For my master’s capstone project at UC Berkeley, I worked in Professor Brian A. Barsky’s Mouse-Free Assistive Technology team. Our final report can be accessed here. This article summarizes my work in this group project.
The goal of our project was to build a system to control a computer cursor using the camera input. We aimed to make the system portable enough to run on an affordable CPU. I was responsible for hand gesture classification, which is an active research area in computer vision. I applied several approaches, including a 3D-CNN model and several keypoint-based models.
3D-CNN-Based Hand Gesture Recognition
Recognizing the gestures represented by a sequence of image frames requires large amounts of computations. Thanks to the advance of deep convolutional neural networks (CNNs) and recurrent neural networks (RNNs) such as Long Short-Term Memory (LSTM) and Gated Recurrent Unit (GRU), new techniques based on large-sized CNN models tend to achieve high accuracy in gesture classification tasks. Most approaches use either 3D-CNNs or RNNs (LSTMs) to extract temporal information.
3D-CNN-based models perform convolutional operations along the time axis, which enables them to learn rich temporal information. Kopuklu et al. achieved state-of-the-art performance using a lightweight CNN model to detect gestures and a deep 3D-CNN model to classify the detected gestures. The ResNeXt-101 model, which is used as a classifier, achieved the state-of-the-art offline classification accuracy of 94.04% on the EgoGesture dataset. However, extracting human pose information from images requires a large amount of computation. I quantized this model using PyTorch’s Quantization module and ran it on my MacBook 2019 with an 8-Core Intel Core i9. The inference time was above 0.3 seconds, which is not acceptable for cursor control.
Keypoint-Based Hand Gesture Recognition
Coordinates of body keypoints are a more compact and meaningful representation. Skeleton-based hand gesture recognition approaches use coordinates of pre-defined hand keypoints as input and output labels of hand gestures. Skeleton-based hand gesture recognition has two advantages over image-based approaches: First, the location of hand could be computed from keypoints that could be used for hand tracking, and thus I did not need a separate palm detector. Second, the skeleton data has much fewer dimensions than image data, and its information can be extracted by shallow neural networks with lower computational cost compared to CNN on images.
The procedure of skeleton-based hand gesture recognition is as follows: First, I used a hand keypoint detector to extract the skeleton of the user’s hand from a video stream. Then, I pre-processed the coordinates of keypoints and generate features. Finally, I used the feature as the input to a classifier which maps skeleton data to the probability of each output label, i.e., gesture.
My hand keypoint detector had the same structure as MediaPipe Hands, a real-time on-device hand tracking tool. It included a palm detector and a hand landmark model. The former operates on a full input image and located palms via an oriented hand bounding box, while the latter operated on the cropped hand bounding box provided by the palm detector and returns 21 landmarks consisting of x, y, and relative depth.

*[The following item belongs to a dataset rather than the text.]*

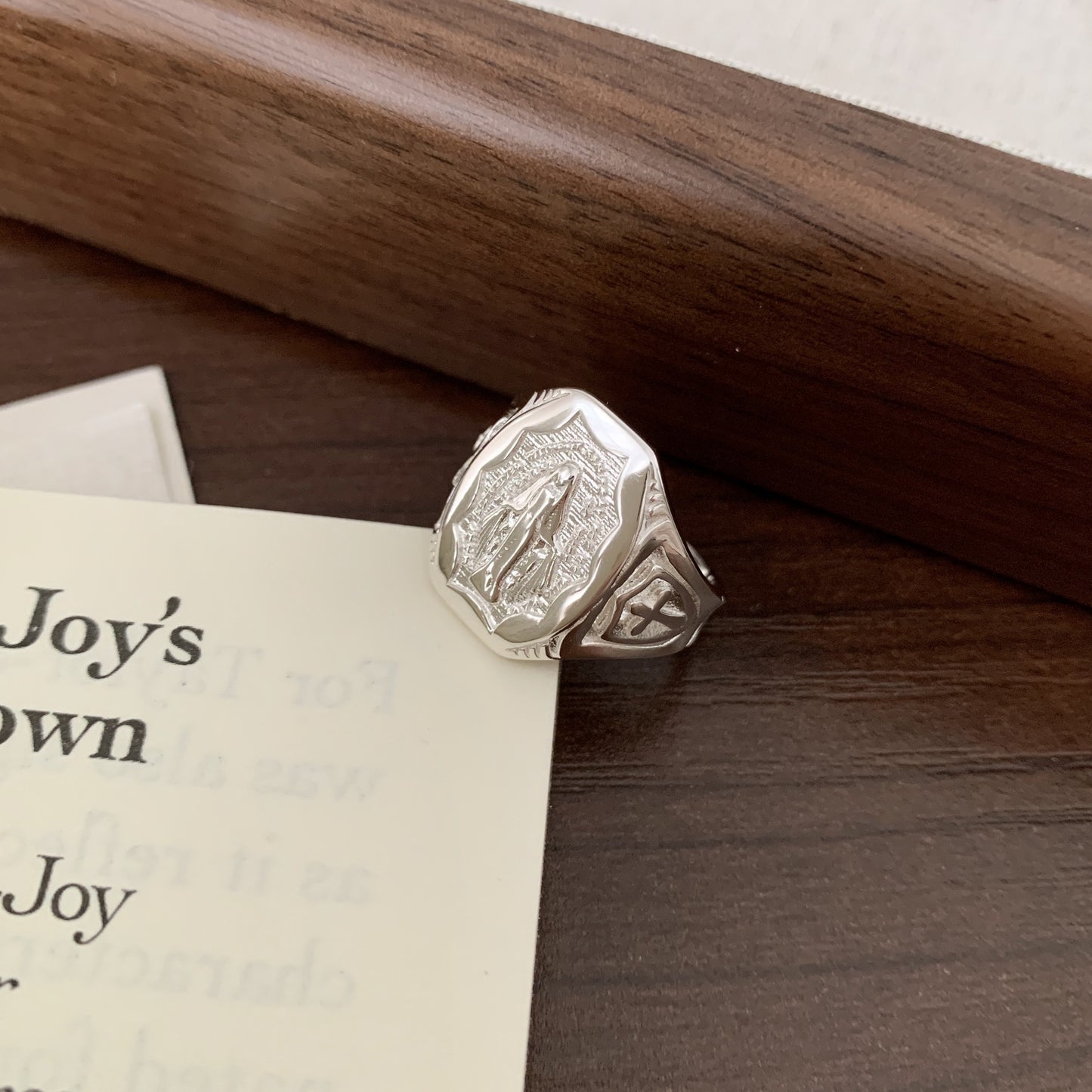 Anello a croce lucido minimalista vintage in argento sterling 925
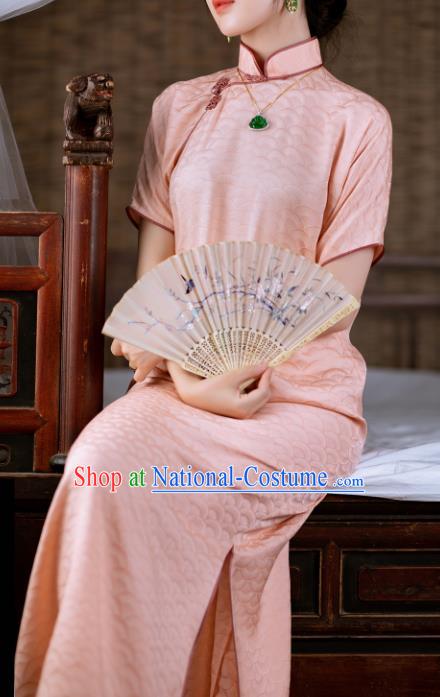 Traditional Chinese Late Qing Dynasty Pink Silk Qipao Dress National Tang Suit Cheongsam Costume for Women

Although neural networks complex enough are able to learn latent representations in the coordinates for gesture classification tasks, past research finds that handmade features are useful for gesture classification. In my experiments, I found that introducing certain features could effectively improve the classification accuracy without increasing the inference time. For each video frame, I extracted feature vectors consisting of angles between the connections of pairs of joints and the length of the connections.
In order to keep the inference time short on CPUs, I used a simple RNN-based neural network to classify hand gestures using these features. I designed and tested two approaches to use the feature sequences: sliding window and stateful RNN. In the sliding window approach, I simply used the features in the last k frames as the input and reset the hidden states for every frame. In the stateful RNN approach, I kept the hidden states and only fed the features in the last frame into the network. The sliding window approach had better accuracy in general, but its cost is higher by sequence length times. I found that the model consisting of a single GRU cell and a softmax layer gave decent and robust classification accuracy in both settings.
To train such a classifier, I used a subset of EgoGesture with 11 static gestures: fist and ten gestures representing digits from 0 to 9. I chose the sequence length to be 5 and the frame rate of input to be 10 FPS. Recurrent neural network using a single layer of GRU reached the highest accuracy of 83.25% with the sequence to sequence models and 77.66% with the stateful RNN models. Although LSTM and GRU had similar accuracy in multiple experiments, GRU had a simpler structure and gave much smaller latency. Most false predictions happen when our keypoint detector cannot detect keypoints precisely, especially when doing gestures like seven and nine (see below).
Conclusion and Future work
Although keypoint-based hand gesture classifier’s accuracy was lower than the state-of-the-art 3D-CNN’s, the model was much simpler and enables the whole program to run on CPU with an acceptable latency. The model I used to extract keypoints did not work well for certain hand gestures. Future works could consider using other methods to extract hand keypoints in an image.